Jobs was smart and he seems to have done his estate planning brilliantly, but even he wasn’t that good. He certainly did not transfer billions of dollars in wealth to his family tax free.
So what is going on here? Why are these false statements circulating?
First, of course, they fit the Jobs myth of unimaginable genius. If anyone can beat the IRS, he can.
Second, the thinking goes that Jobs knew he was going to die for years and so he had time to work his magic.
Third, while the specifics of his estate plan are private, it is known that he set up trusts into which he transferred his real estate and his Apple and Disney stock.
And finally, it is widely known that he only took $1 a year in salary at Apple the last dozen or so years he worked there.
Ah ha! you say. He didn’t take a salary and he transferred all of his assets to trusts, so he died with no assets in his name. Voila, no estate tax.
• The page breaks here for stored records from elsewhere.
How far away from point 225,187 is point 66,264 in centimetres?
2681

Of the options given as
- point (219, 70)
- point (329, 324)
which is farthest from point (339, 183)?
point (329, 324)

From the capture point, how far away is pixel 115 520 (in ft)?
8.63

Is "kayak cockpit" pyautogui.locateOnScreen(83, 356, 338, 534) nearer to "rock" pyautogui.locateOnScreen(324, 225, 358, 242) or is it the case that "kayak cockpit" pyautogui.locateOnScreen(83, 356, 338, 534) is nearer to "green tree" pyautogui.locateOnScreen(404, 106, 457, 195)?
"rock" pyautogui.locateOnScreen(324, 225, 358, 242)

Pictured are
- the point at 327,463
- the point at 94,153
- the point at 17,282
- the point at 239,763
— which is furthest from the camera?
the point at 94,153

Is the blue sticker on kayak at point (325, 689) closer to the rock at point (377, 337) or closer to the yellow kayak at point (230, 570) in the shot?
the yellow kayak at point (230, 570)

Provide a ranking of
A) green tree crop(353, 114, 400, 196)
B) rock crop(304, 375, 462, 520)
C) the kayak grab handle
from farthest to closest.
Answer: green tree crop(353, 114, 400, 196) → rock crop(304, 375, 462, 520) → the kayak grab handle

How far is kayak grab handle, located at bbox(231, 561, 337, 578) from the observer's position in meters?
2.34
Well, Congress plugged that loophole a long time ago. It is called the Gift Tax. You can’t avoid estate tax by giving your assets to your heirs before you die.
Now, Jobs might have left all of his assets to his wife, in which case no taxes are due until his wife dies. But it does not take a genius to do that. Leaving everything to the spouse is the most common estate plan there is, and it merely defers the tax bill until his wife passes away.
Jobs also might have given a portion of his estate to charity, which would reduce his tax bill, but also reduces the amount his family inherits.
The most important point here is that we don’t know what he did, and we are likely not to find out what he did, because he set up trusts and transferred assets to those trusts while he was still living. That keeps his finances private, which is something many other celebrities have been unable to do.
Jobs probably did not invent some new way to avoid estate tax, but he got the important, simple things right.